This is an important lesson to keep in mind tonight, as we celebrate Celebrate President Lincoln's constitutional legacy, and in particular, his role in the ratification of the 13th amendment to our Constitution, as well as over the next five years, as we celebrate the 150th anniversary of the key amendments that President Lincoln and his generation fought to secure for us: the 13th, 14th and 15th amendments.
Tonight, we celebrate President Lincoln and his important role in the passage of the 13th Amendment, which ended slavery. He secured congressional approval of the amendment on January 31, 1865. He took the unusual step of signing it the very next day, calling it "a king's cure for the evil of slavery." Neither the 13th amendment, nor the 14th and 15th amendments get the kind of attention they deserve. But they contain some of the most important and inspiring passages in our Constitution. They gave the nation what President Lincoln promised in Gettysburg: "A new birth of freedom." It's little wonder that scholars often refer to them as "our nation's second founding." They deserve a place at the center of the American constitutional story.

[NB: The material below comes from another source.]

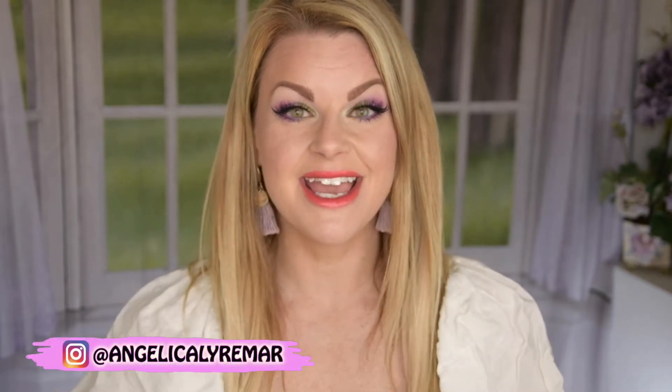Hello everyone, very welcome to my channel. If you're new here, my name is Angelica. Today I am going to do a favorites video.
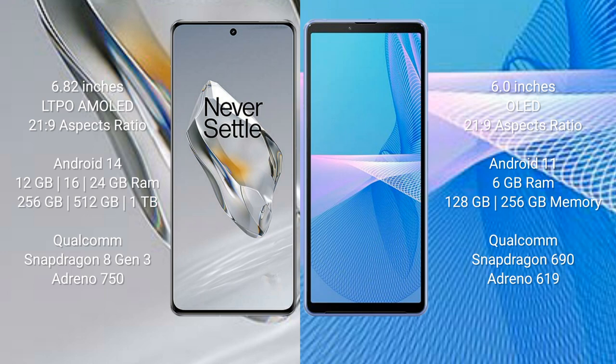The OnePlus 12 offers 256GB or 512GB internal storage with the Qualcomm Snapdragon 8 Gen 3 processor and Adreno 750 GPU. The Sony Xperia 10 Mark 3 comes with 6GB RAM and 128GB or 256GB internal storage, with the Qualcomm Snapdragon 690 processor and Adreno 619 GPU.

Over the next five years, I'll be working with the National Constitution Center and Constitutional Accountability Center to organize a celebration of this second founding. And this larger celebration will continue through February 2020, the anniversary of the ratification of the 15th amendment. Indeed, I'm delighted to serve as its honorary chair. Now, thank you so much for being here tonight. Even though I couldn't join you in person, I hope you will join me over the next five years in helping to build a celebration that's worthy of the constitutional achievements of President Lincoln and his generation. Thank you.